■ TASK OBJECTIVE
Pictures in the material below are to be left out, and only the lines from the line with "Usually when you" up to and including the line with "What do all" are to be written out exactly.

■ RECORDS PROVIDED
((

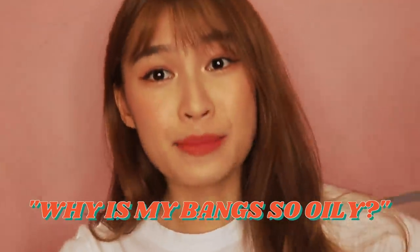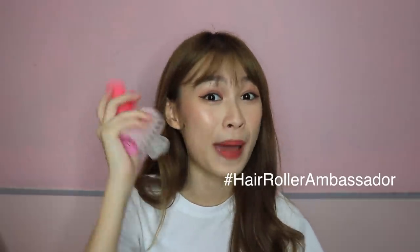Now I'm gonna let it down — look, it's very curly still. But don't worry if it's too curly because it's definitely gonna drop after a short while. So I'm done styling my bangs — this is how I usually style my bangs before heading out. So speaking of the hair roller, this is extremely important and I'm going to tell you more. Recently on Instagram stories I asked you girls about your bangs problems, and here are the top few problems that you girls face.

))
((

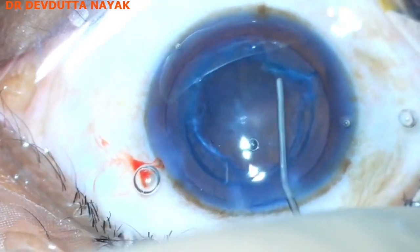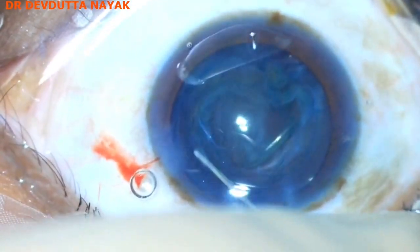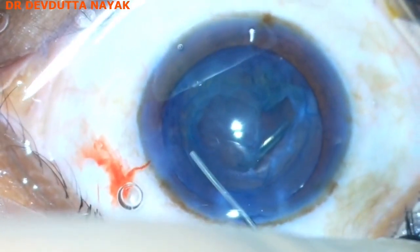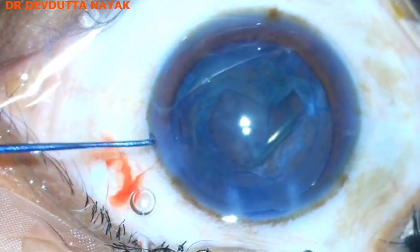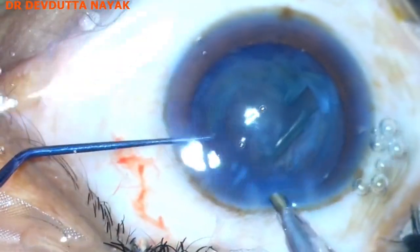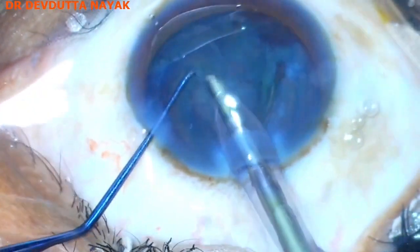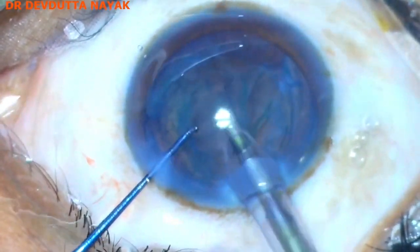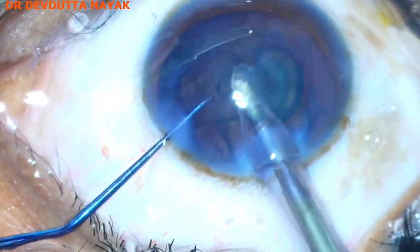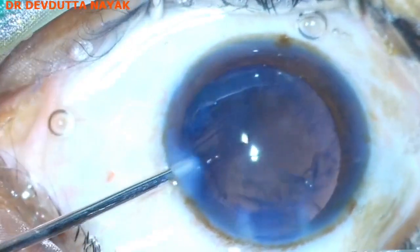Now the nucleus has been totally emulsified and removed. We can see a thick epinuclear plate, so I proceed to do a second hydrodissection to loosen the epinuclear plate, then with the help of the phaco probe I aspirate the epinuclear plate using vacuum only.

))
((

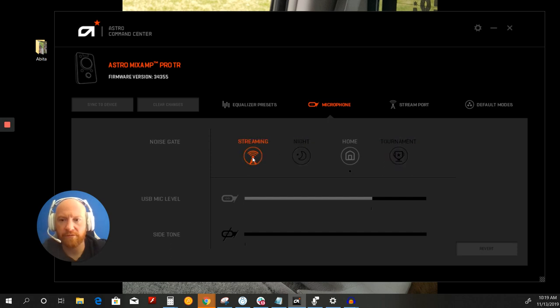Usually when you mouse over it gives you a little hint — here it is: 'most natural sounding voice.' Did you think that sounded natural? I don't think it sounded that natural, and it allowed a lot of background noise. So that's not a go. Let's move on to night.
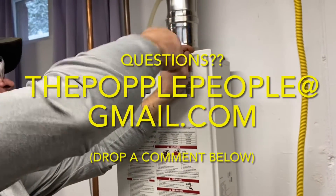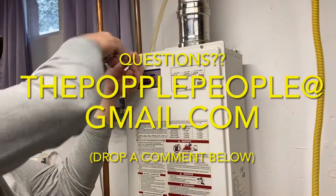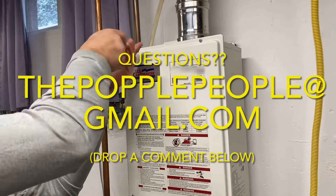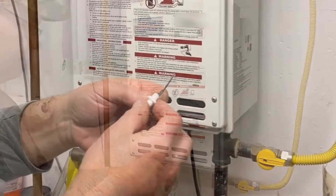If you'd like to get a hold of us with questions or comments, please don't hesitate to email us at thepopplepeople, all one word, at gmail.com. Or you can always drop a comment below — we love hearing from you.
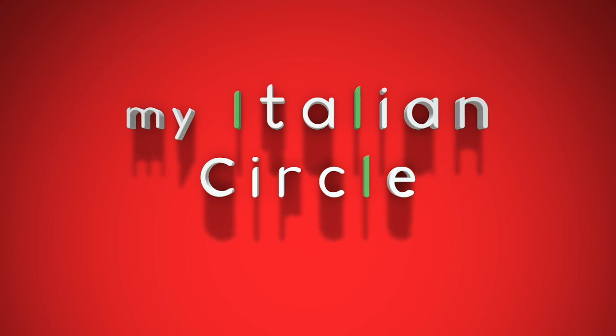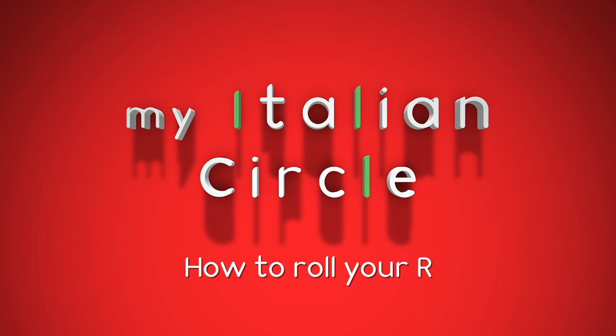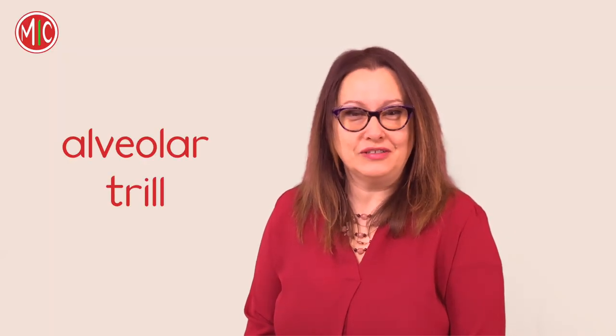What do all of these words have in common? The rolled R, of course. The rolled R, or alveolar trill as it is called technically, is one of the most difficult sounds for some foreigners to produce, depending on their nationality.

))

■ COMPLETED EXERCISE
Usually when you mouse over it gives you a little hint — here it is: 'most natural sounding voice.' Did you think that sounded natural? I don't think it sounded that natural, and it allowed a lot of background noise. So that's not a go. Let's move on to night.
If you'd like to get a hold of us with questions or comments, please don't hesitate to email us at thepopplepeople, all one word, at gmail.com. Or you can always drop a comment below — we love hearing from you.
What do all of these words have in common? The rolled R, of course. The rolled R, or alveolar trill as it is called technically, is one of the most difficult sounds for some foreigners to produce, depending on their nationality.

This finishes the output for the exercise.